==== Information supplied ====
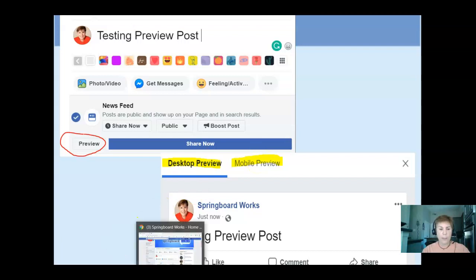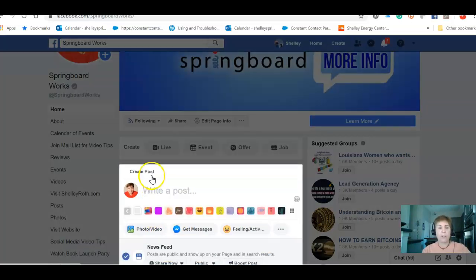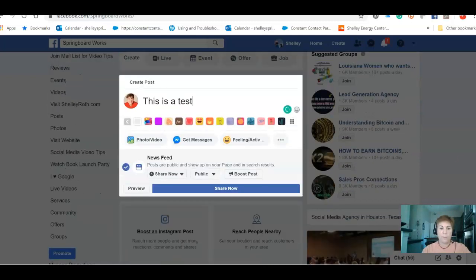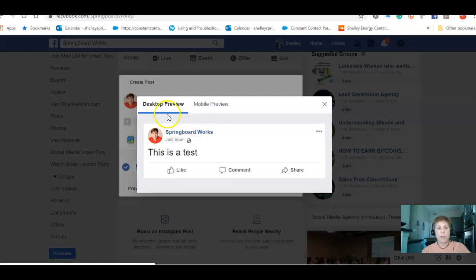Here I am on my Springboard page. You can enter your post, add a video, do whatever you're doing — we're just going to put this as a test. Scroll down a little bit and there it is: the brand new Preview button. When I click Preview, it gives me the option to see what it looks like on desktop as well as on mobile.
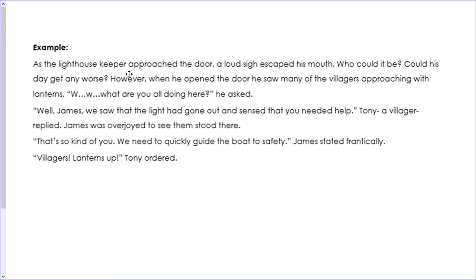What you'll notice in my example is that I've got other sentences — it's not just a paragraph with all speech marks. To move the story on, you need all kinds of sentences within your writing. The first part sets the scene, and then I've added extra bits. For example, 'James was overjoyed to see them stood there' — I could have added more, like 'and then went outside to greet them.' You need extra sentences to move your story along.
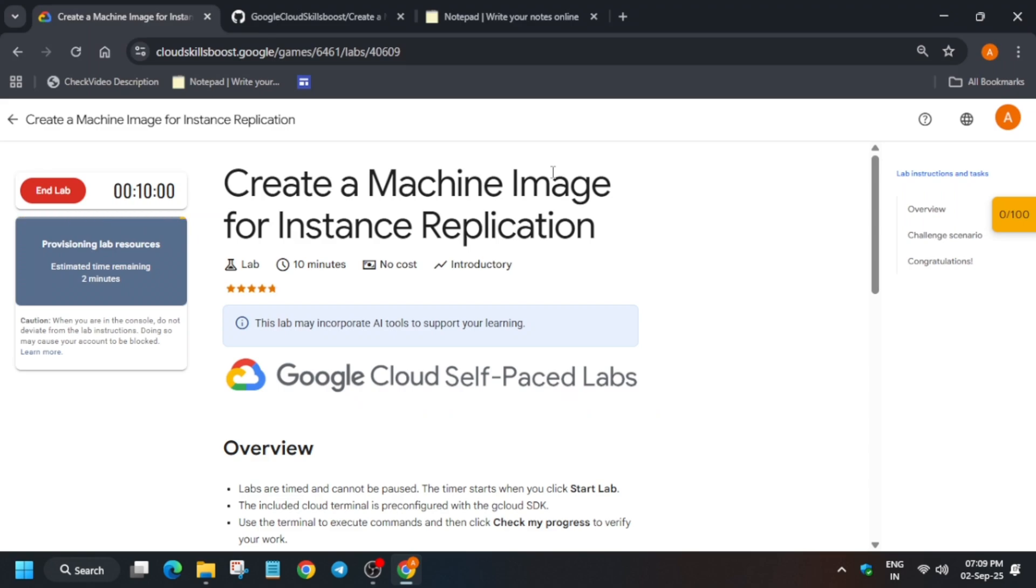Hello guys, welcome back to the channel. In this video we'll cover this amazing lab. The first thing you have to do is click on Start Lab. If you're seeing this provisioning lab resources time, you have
====
Exercise details -
The task requires restating verbatim the lines from the one that holds "What you'll notice" through the end of the listing, both ends counted, and no pictures.

Response for this exercise -
What you'll notice in my example is that I've got other sentences — it's not just a paragraph with all speech marks. To move the story on, you need all kinds of sentences within your writing. The first part sets the scene, and then I've added extra bits. For example, 'James was overjoyed to see them stood there' — I could have added more, like 'and then went outside to greet them.' You need extra sentences to move your story along.
Hello guys, welcome back to the channel. In this video we'll cover this amazing lab. The first thing you have to do is click on Start Lab. If you're seeing this provisioning lab resources time, you have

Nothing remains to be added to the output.